**DATA FOR THE TASK:**

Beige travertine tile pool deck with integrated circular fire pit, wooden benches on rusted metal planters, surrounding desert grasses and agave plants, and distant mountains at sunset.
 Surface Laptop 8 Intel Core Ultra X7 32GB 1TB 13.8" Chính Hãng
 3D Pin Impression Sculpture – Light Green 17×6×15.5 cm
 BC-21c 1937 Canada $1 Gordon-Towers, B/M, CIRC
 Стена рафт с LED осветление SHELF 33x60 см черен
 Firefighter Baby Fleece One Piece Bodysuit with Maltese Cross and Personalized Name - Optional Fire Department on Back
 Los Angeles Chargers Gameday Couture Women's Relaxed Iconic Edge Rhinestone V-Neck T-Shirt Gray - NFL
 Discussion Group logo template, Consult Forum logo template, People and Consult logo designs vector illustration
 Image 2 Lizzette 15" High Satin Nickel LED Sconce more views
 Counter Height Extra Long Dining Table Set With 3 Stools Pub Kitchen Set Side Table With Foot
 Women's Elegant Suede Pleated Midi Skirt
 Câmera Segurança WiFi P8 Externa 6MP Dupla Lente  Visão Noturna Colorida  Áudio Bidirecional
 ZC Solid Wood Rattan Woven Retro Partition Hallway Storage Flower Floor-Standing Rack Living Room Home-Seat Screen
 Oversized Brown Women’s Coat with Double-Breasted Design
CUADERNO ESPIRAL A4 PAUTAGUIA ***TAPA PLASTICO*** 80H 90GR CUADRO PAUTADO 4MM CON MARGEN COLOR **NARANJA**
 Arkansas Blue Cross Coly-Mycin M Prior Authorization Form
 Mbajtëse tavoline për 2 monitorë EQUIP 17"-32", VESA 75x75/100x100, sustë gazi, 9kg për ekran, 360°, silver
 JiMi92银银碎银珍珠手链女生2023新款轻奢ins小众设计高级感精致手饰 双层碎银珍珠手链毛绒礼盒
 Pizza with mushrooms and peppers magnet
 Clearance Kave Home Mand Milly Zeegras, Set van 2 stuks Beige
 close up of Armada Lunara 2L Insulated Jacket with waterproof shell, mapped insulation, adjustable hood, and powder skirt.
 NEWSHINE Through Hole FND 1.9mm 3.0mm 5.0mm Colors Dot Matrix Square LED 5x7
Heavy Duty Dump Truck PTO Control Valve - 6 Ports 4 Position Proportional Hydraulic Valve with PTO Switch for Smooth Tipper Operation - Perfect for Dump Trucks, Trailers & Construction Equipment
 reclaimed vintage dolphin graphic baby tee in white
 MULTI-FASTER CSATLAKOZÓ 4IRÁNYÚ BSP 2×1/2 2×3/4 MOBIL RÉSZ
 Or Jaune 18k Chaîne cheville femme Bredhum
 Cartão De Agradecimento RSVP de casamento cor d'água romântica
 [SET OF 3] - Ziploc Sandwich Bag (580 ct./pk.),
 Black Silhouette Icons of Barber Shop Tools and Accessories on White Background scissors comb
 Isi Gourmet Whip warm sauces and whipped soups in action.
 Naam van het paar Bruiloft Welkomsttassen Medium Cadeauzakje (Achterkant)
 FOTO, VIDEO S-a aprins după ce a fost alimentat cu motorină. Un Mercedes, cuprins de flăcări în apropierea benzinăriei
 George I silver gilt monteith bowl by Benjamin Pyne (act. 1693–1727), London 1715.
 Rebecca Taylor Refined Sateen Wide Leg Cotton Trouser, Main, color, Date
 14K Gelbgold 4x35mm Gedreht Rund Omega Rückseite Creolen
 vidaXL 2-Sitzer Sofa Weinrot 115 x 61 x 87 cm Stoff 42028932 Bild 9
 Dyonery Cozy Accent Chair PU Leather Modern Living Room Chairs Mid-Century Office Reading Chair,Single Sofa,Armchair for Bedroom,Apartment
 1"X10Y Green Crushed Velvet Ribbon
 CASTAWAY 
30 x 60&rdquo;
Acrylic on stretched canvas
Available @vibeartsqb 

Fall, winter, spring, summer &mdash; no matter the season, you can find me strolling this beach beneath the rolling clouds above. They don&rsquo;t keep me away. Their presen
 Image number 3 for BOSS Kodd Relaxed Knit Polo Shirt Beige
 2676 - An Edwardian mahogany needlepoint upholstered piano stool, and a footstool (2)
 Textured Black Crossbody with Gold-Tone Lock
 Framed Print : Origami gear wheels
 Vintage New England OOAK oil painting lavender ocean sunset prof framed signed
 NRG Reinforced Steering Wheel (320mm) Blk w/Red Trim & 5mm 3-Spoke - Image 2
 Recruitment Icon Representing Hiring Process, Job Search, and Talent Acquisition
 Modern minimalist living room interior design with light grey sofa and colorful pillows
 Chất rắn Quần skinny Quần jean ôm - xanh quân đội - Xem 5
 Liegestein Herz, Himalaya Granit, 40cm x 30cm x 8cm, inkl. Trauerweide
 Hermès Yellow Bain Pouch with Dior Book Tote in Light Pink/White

**WHAT THIS TASK INVOLVES:**
Write every entry out again. Leave each one exactly as it is.

**EXPECTED ANSWER:**
Beige travertine tile pool deck with integrated circular fire pit, wooden benches on rusted metal planters, surrounding desert grasses and agave plants, and distant mountains at sunset.
 Surface Laptop 8 Intel Core Ultra X7 32GB 1TB 13.8" Chính Hãng
 3D Pin Impression Sculpture – Light Green 17×6×15.5 cm
 BC-21c 1937 Canada $1 Gordon-Towers, B/M, CIRC
 Стена рафт с LED осветление SHELF 33x60 см черен
 Firefighter Baby Fleece One Piece Bodysuit with Maltese Cross and Personalized Name - Optional Fire Department on Back
 Los Angeles Chargers Gameday Couture Women's Relaxed Iconic Edge Rhinestone V-Neck T-Shirt Gray - NFL
 Discussion Group logo template, Consult Forum logo template, People and Consult logo designs vector illustration
 Image 2 Lizzette 15" High Satin Nickel LED Sconce more views
 Counter Height Extra Long Dining Table Set With 3 Stools Pub Kitchen Set Side Table With Foot
 Women's Elegant Suede Pleated Midi Skirt
 Câmera Segurança WiFi P8 Externa 6MP Dupla Lente  Visão Noturna Colorida  Áudio Bidirecional
 ZC Solid Wood Rattan Woven Retro Partition Hallway Storage Flower Floor-Standing Rack Living Room Home-Seat Screen
 Oversized Brown Women’s Coat with Double-Breasted Design
CUADERNO ESPIRAL A4 PAUTAGUIA ***TAPA PLASTICO*** 80H 90GR CUADRO PAUTADO 4MM CON MARGEN COLOR **NARANJA**
 Arkansas Blue Cross Coly-Mycin M Prior Authorization Form
 Mbajtëse tavoline për 2 monitorë EQUIP 17"-32", VESA 75x75/100x100, sustë gazi, 9kg për ekran, 360°, silver
 JiMi92银银碎银珍珠手链女生2023新款轻奢ins小众设计高级感精致手饰 双层碎银珍珠手链毛绒礼盒
 Pizza with mushrooms and peppers magnet
 Clearance Kave Home Mand Milly Zeegras, Set van 2 stuks Beige
 close up of Armada Lunara 2L Insulated Jacket with waterproof shell, mapped insulation, adjustable hood, and powder skirt.
 NEWSHINE Through Hole FND 1.9mm 3.0mm 5.0mm Colors Dot Matrix Square LED 5x7
Heavy Duty Dump Truck PTO Control Valve - 6 Ports 4 Position Proportional Hydraulic Valve with PTO Switch for Smooth Tipper Operation - Perfect for Dump Trucks, Trailers & Construction Equipment
 reclaimed vintage dolphin graphic baby tee in white
 MULTI-FASTER CSATLAKOZÓ 4IRÁNYÚ BSP 2×1/2 2×3/4 MOBIL RÉSZ
 Or Jaune 18k Chaîne cheville femme Bredhum
 Cartão De Agradecimento RSVP de casamento cor d'água romântica
 [SET OF 3] - Ziploc Sandwich Bag (580 ct./pk.),
 Black Silhouette Icons of Barber Shop Tools and Accessories on White Background scissors comb
 Isi Gourmet Whip warm sauces and whipped soups in action.
 Naam van het paar Bruiloft Welkomsttassen Medium Cadeauzakje (Achterkant)
 FOTO, VIDEO S-a aprins după ce a fost alimentat cu motorină. Un Mercedes, cuprins de flăcări în apropierea benzinăriei
 George I silver gilt monteith bowl by Benjamin Pyne (act. 1693–1727), London 1715.
 Rebecca Taylor Refined Sateen Wide Leg Cotton Trouser, Main, color, Date
 14K Gelbgold 4x35mm Gedreht Rund Omega Rückseite Creolen
 vidaXL 2-Sitzer Sofa Weinrot 115 x 61 x 87 cm Stoff 42028932 Bild 9
 Dyonery Cozy Accent Chair PU Leather Modern Living Room Chairs Mid-Century Office Reading Chair,Single Sofa,Armchair for Bedroom,Apartment
 1"X10Y Green Crushed Velvet Ribbon
 CASTAWAY 
30 x 60&rdquo;
Acrylic on stretched canvas
Available @vibeartsqb 

Fall, winter, spring, summer &mdash; no matter the season, you can find me strolling this beach beneath the rolling clouds above. They don&rsquo;t keep me away. Their presen
 Image number 3 for BOSS Kodd Relaxed Knit Polo Shirt Beige
 2676 - An Edwardian mahogany needlepoint upholstered piano stool, and a footstool (2)
 Textured Black Crossbody with Gold-Tone Lock
 Framed Print : Origami gear wheels
 Vintage New England OOAK oil painting lavender ocean sunset prof framed signed
 NRG Reinforced Steering Wheel (320mm) Blk w/Red Trim & 5mm 3-Spoke - Image 2
 Recruitment Icon Representing Hiring Process, Job Search, and Talent Acquisition
 Modern minimalist living room interior design with light grey sofa and colorful pillows
 Chất rắn Quần skinny Quần jean ôm - xanh quân đội - Xem 5
 Liegestein Herz, Himalaya Granit, 40cm x 30cm x 8cm, inkl. Trauerweide
 Hermès Yellow Bain Pouch with Dior Book Tote in Light Pink/White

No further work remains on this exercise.